According to APR the AWW ends up with the same amount of HP chipped as an AWP motor, so by that I would say that yes it's the same.


----------



## mycarsux (Dec 1, 2005)

The big difference in engines from the AWW-AWP was boost level. Same turbo, different boost.


----------



## Aleman (Jan 7, 2008)

*Re: (mycarsux)*

Perfect!
And the compression ratio from 9.3:1 to 9.5:1 doesnt matter that much i guess huh?
update
ive read that its almost the same thing, also, Giac states that
AWW = 45~55HP and 50ft gain (195~205HP chipped)
AWP = 25~35HP and 50~60ft gain (205~215HP chipped)
so i dont think that the difference is worth the extra 500~1000dlls the 02 costs over the 01










_Modified by Aleman at 12:45 AM 1-7-2008_


----------



## gripracer (Mar 25, 2007)

the '01 and '02+ all have the K03sport turbo, and thats all that matters
buy the '01


----------



## bobqzzi (Sep 24, 2003)

*Re: (Aleman)*

The engines are identical internally- the compression is the same.
The only differences are minor external plumbing and the ecu programming


----------



## Boostin20v (Mar 22, 2000)

*Re: (Aleman)*


_Quote, originally posted by *Aleman* »_
And the compression ratio from 9.3:1 to 9.5:1 doesnt matter that much i guess huh?

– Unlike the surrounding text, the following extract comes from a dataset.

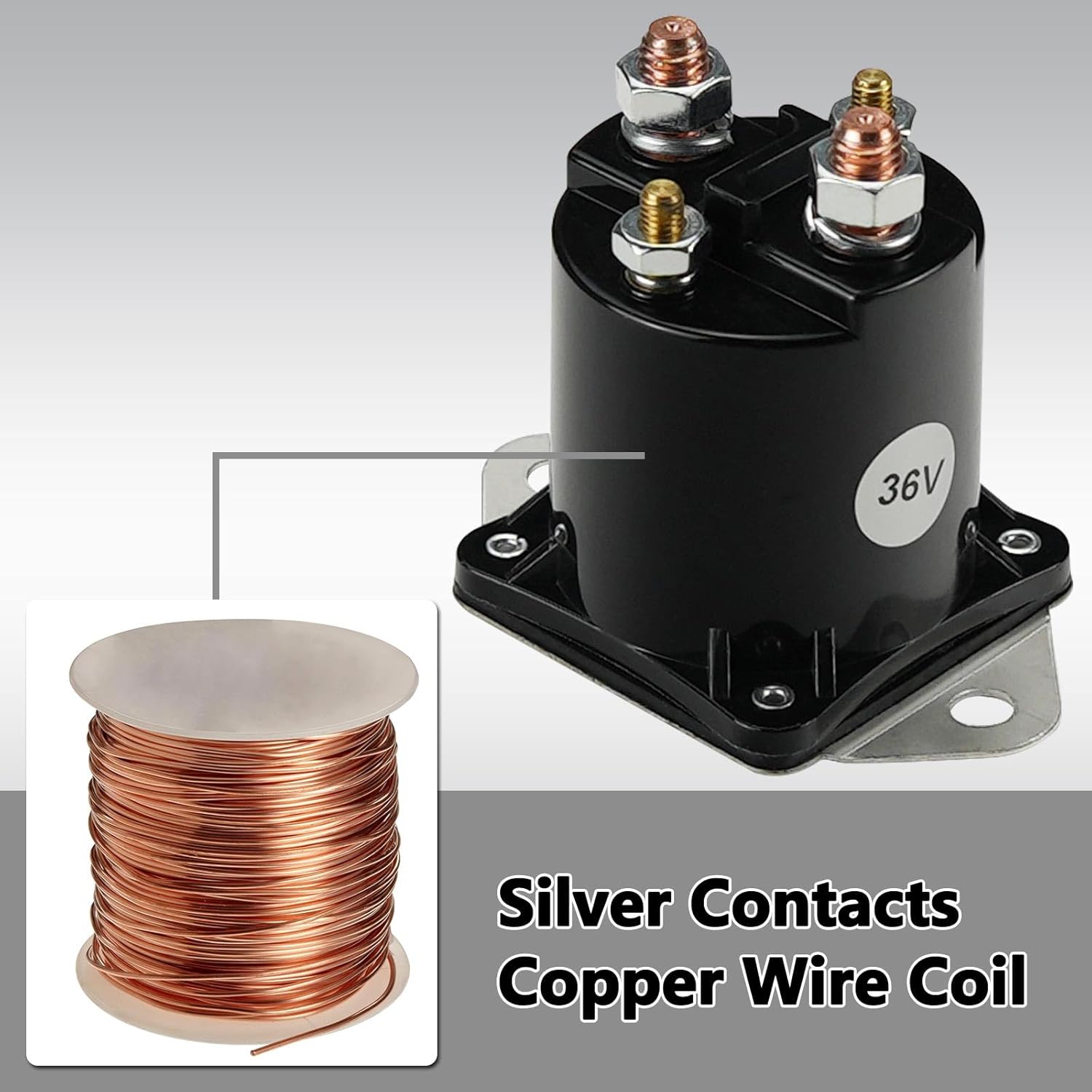 36 Volt Electric Golf Cart Solenoid Repalcement for Club Car DS 1976 to 1998 4 Terminal Solenoid Replace 8016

Those are published/official numbers for the compression in the FAQ, though as bob (bobqzzi) mentioned the actual numbers appear to be ~9.3:1 on all motors.


----------



## Vr6Heathen (Mar 3, 2004)

*Re: (Boostin20v)*

i would just save the cash and get the 01' once you chip them, they will be very very similar.


----------



## patfur (Dec 3, 2003)

*What about a 2000?*

What about a 2000 1.8t? Anyone know if the k03 will get you close to a k03s when chipped?


----------



## ~Enigma~ (Jul 8, 2009)

same me7.5 brain, but the awp engine has supporting parts to let it run a lil faster... like a different maf (as i just learned), I think the injectors are a lil different (i dont know, i was looking at parts and there are in jectors that say AWP ONLY), the map sensor is different, and some of the electrical issues with the 2001 had been fixed in 2002... so its goes a lil deeper than just that... idk, but id spend the extra 500 or 1000 for updated parts... but then agian.... its still used...


----------